Vivimos en un mundo complejo y sometido a profundas crisis, pero aunque haya razones para cierto pesimismo es más necesario que nunca tener un compromiso ético con la sociedad que nos rodea. Frente al individualismo extremo de nuestra civilización, que algunos incluso exaltan como algo virtuoso y beneficioso, debemos reivindicar la necesidad de una responsabilidad personal con los intereses colectivos. Todo ser humano, sean cuales sean sus creencias, debe ocuparse del gobierno de su vida tanto a nivel personal como grupal, y de evitar los excesos o abusos del poder, empezando por el propio.

La inspiración evangélica, el fundamento que mueve el cristianismo, conecta con lo político –pese a moverse en parámetros distintos– en el nivel humano. La persona humana es una, pero con distintas dimensiones: espiritual, ética, utópica, social, política. Desde el Evangelio se nos exige implicarnos en el bien común, en la convivencia con nuestros semejantes. Casi todos tenemos una pequeña esfera de poder, influencia o incidencia en nuestro ámbito social y el reto de ejercerla adecuadamente para mejorar la vida del prójimo. La exigencia es mucho mayor si tenemos un mayor nivel de poder a nivel político, económico o social. En cualquier caso, lo hemos de convertir en un poder-servicio, no en algo que utilicemos a nuestro servicio.
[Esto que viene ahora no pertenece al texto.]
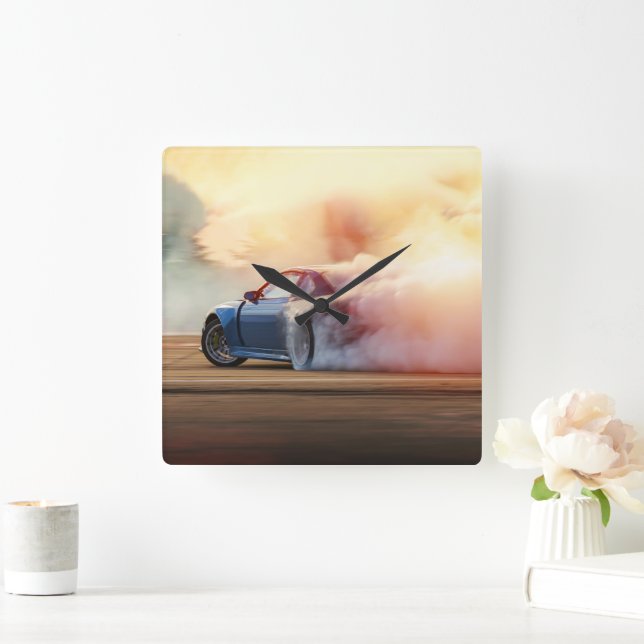 Schnelles Fahren mit dem Auto - Erwachsene und Kin Quadratische Wanduhr (Zuhause)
Los cristianos debemos participar en la política, en la medida de nuestras posibilidades, no para hacer proselitismo sino para reivindicar los valores evangélicos de amor, solidaridad y justicia, para sembrar respeto, diálogo, comprensión y huir de la imposición y de la demagogia. Nos hemos de preocupar, sobre todo, de los más desvalidos, de los alejados incluso de la posibilidad de participar en la cosa común –hay muchas formas de ser pobre–, de desarrollarse como miembros de la comunidad, y de defender sus derechos.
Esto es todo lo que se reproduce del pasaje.